Responsável pelos processos em primeira instância da Lava-Jato em Curitiba, o magistrado referiu-se à cena para ilustrar a dificuldade em encontrar "contrapartidas" em esquemas de corrupção. Após a analogia, a qual se referiu como um "parênteses cinematográfico", Moro disse que grande parte dos processos desvelados pela operação revelaram que a compensação ocorre para garantir um "bom relacionamento".
— É mais ou menos o que significou em vários desses casos de corrupção sistêmica. Pode ser muito difícil identificar contrapartida específica que o agente público oferece ou realiza em troca de vantagem financeira. Normalmente, vende-se uma influência a ser entregue segundo as oportunidades surgem — afirmou o juiz.

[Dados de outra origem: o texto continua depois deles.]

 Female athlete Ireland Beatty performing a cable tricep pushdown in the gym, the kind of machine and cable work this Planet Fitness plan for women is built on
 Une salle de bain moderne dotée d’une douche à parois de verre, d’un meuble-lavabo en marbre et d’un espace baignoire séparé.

A referência ao filme foi feita pelo magistrado em palestra na manhã desta quinta-feira (21) em congresso promovido pela Associação Brasileira de Direito e Economia (ABDE), na sede da Unisinos, em Porto Alegre. Diante de um público de cerca de 200 pessoas, Moro discorreu durante 55 minutos sobre os casos de corrupção "perturbadores" com os quais se deparou ao longo da Lava-Jato e os danos que os desvios causam à economia brasileira.

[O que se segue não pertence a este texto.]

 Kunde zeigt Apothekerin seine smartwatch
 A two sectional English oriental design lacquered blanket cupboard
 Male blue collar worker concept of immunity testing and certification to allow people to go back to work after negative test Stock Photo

Sem citar nominalmente pessoas e empreiteiras investigadas, Moro citou que os contratos da Petrobras tinham reserva de até 3% do valor total para pagamento de vantagem indevida ou propina para executivos da estatal e agentes políticos. No único momento de descontração, brincou:
— Estamos falando em contratos da Petrobras, nos quais tudo é superlativo. Até falo brincando que, ao final desse caso, talvez me aposente e vá trabalhar na indústria petroleira porque fui descobrindo umas coisas... Por exemplo, um navio-sonda é muito caro. Um contrato de fornecimento está na ordem de US$ 500 bilhões.
Na conferência, ainda indicou que a impunidade vem deixando de ser regra no país e defendeu a prisão de condenados após julgamento em segunda instância, conforme entendimento adotado pelo Supremo Tribunal Federal (STF) no ano passado.

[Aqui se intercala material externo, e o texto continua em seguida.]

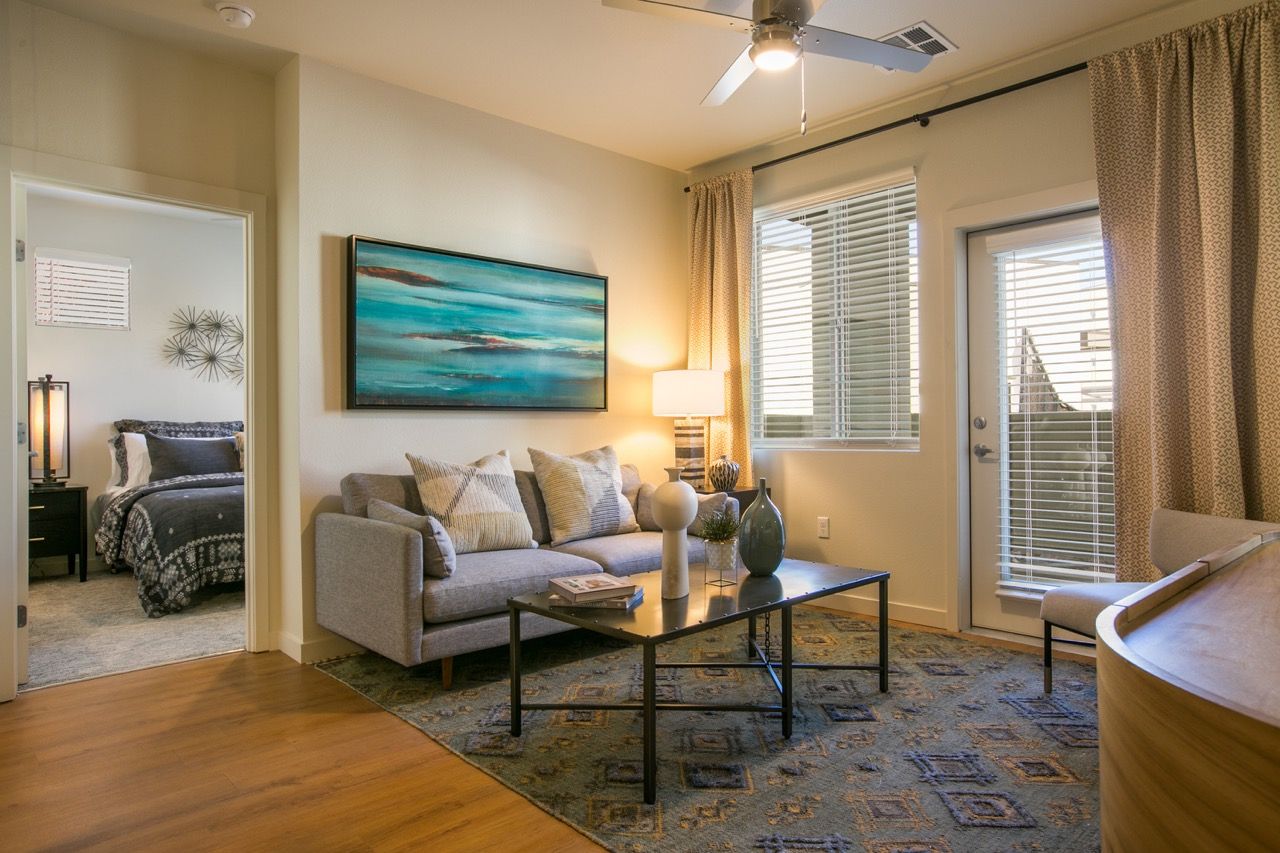Living room in an apartment with a sofa, coffee table, rug, lamp, and balcony door.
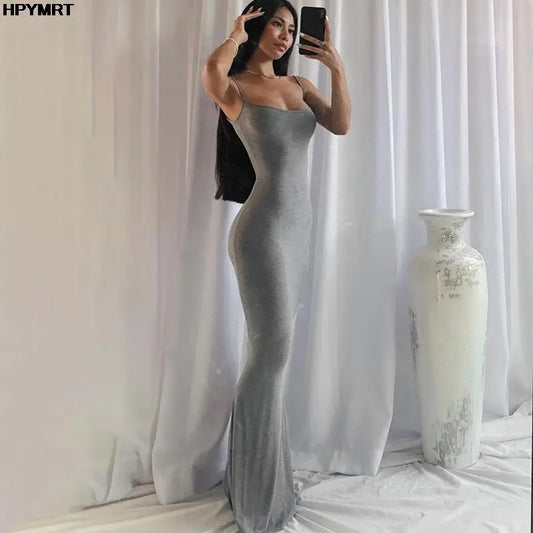 Sleeveless, tight, and sexy long satin dress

— A meu ver, a decisão passou pela percepção de que o quadro de impunidade é um dos fatores que leva a essa aprofundada corrupção. Por isso, é essencialmente importante a manutenção desse precedente. Existe um burburinho de que o Supremo poderia mudar novamente esse precedente. Espero que não aconteça — destacou.
Acompanhado de ao menos sete seguranças, o juiz ainda assistiu a duas palestras após a sua exposição. Depois, deixou o local sem atender a imprensa. Ao redor da universidade, três viaturas da Brigada Militar (BM) e policiais a cavalo monitoraram a passagem do juiz pela Capital.